Пока Чтимый Глашатай витийствовал с вершины пирамиды, его скороходы уже разбегались из Теночтитлана во все стороны света. Они несли правителям, наместникам и старейшинам поселений известие о предстоящем затмении, особо подчеркивая, что коль скоро боги дали знать звездочетам об этом событии заранее, то, следовательно, оно не сулит никаких перемен, ни хороших, ни плохих, так что людям беспокоиться не о чем. Но одно дело — слова, а совсем другое, когда столь пугающее явление происходит у тебя на глазах.

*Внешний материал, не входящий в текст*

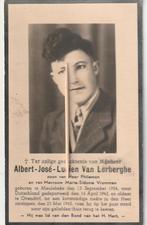 Oorlogsslachtoffer 1940-45, Verzamelen, Bidprentjes en Rouwkaarten, Verzenden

Даже я, хотя одним из первых узнал о предстоящем йкуалока, узрев знамение наяву, не смог сохранить невозмутимость. Другое дело, что мне приходилось изображать спокойствие и любознательность, ибо вместе со мной в саду на крыше моего дома в тот день — день Седьмой Ящерицы — находились также Ночипа, Бью Рибе и наши рабы. Не мог же я ударить перед ними в грязь лицом и выказать себя трусом!
Не знаю, как это происходило в других частях Сего Мира, но здесь, в Теночтитлане, казалось, что Тонатиу проглотили целиком. Длилось затмение, пожалуй, совсем недолго, но нам это время показалось вечностью. Небо в тот день оказалось сплошь затянуто тучами, так что солнце было бледным, подобно лунному диску, и мы даже могли смотреть на него прямо.
Мы увидели, как от обода диска, словно от тортильи, вдруг откусили первый кусочек, а потом тьма стала пожирать весь солнечный лик. Наползала тень, весеннее тепло сменилось холодным дуновением зимы. Над нашей крышей растерянно метались птицы, с соседних дворов доносился собачий вой.
Полумесяц, откушенный от Тонатиу, становился все больше и больше, и в конце концов весь его лик был проглочен, сделавшись темно-коричневым, как лицо туземца из племени чиапа. На миг солнце стало еще темнее, чем облака вокруг него, словно в ткани дня образовалось отверстие, сквозь которое мы заглянули в ночь. Потом на землю пала тьма, и все — небосвод, тучи и сам Тонатиу — скрылось из виду.